Was there a defining moment or series of moments that cemented your decision to convert?

Early in my journey, I stood in the gorgeous Shrine (how very Catholic that beauty drew me there, even if I didn’t know what a shrine was) along I-80 in Gretna, Nebraska. It overlooked the soul filling Nebraska prairie. As I was reading a plaque there (although I don’t remember the content), I started to realize the truth of the Church, and that little pebble called “Catholicism” began to tickle my spirit. As the saying goes, when the student is ready the teacher will appear.

I found many teachers along the way, chief among them were my children Kate (whose story you will read next week) and Christian. I was also captured by Bishop Robert Barron’s Word on Fire ministry through Facebook.

Along with my own convert children, priests, seminarians, fellow converts, and others who journeyed with and before me each in their own way showed me the breadth, depth and truth of the faith.

Finally,  last year while attending Christian’s ordination to the diaconate, something profound and beyond words happened. That week, the people – a most eclectic and unlikely group – the places – dinner tables, holy and historic places – and the events – the masses of Masses – conspired together to create something beyond words, something of the Spirit.  Something like a Pentacost occurred. Heaven touched earth that week and it settled something in me. I had to be a part of this thing called the Church. Rome, our Rome 2018 pushed me over the finish line.

Left: At Christian’s ordination to the diaconate at the Vatican, surrounded by new and old friends. | Right: Christian assisting at his first mass as a newly ordained deacon at the Basilica of Santa Croce in Gerusalemme, in Rome.

What was your experience with RCIA?

Moderately helpful.

How has your relationship with Jesus changed since becoming Catholic? Your relationship with yourself? With others?

The false choice between faith and reason gone, my spirit is free open up to all the ways Christ manifests himself in the world. It is liberating.

Tell us your favorite Catholic book or author and why.

Fr. Thomas Joseph White’s The Light of Christ, and his Thomistic Institute podcasts.

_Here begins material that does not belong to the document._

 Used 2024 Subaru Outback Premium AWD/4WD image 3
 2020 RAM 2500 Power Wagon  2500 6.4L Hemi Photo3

They help me see the depth and breadth of the faith.

I also enjoy Bishop Robert Barron’s Word on Fire videos.

What would you say to someone who was thinking of becoming Catholic?

Seek the good, true and beautiful, and I have an idea where you will land. It only took me 60 years. I am grateful for each church, each bible study, and each person who moved me along. I take each deposit with me. Each denomination and each soul does something uniquely well, and reveals a facet of the diamond that is the good, true and beautiful. When faith meets reason, and intellect meets spirit, it points us to the divine. When it is at its best, I find that in the Catholic church. Here, I find the fullness of the faith.

Final thoughts you want to share.

The Catholic Church is far – sometimes ridiculously so – from perfect. But it is the church Christ left us. I don’t leave a family because of the things I don’t like, or due to their or my own  missteps, They simply are my family and I am called to be part of it. We help each other, we love each other where we are, enough to push each other toward holiness.

The church fractured for so many good and bad reasons, but I believe Jesus calls us to unity in Him and His church, which is His family.

So much of how we practice our faith is not a conscious choice but flows out of our upbringing and heritage. Be conscious.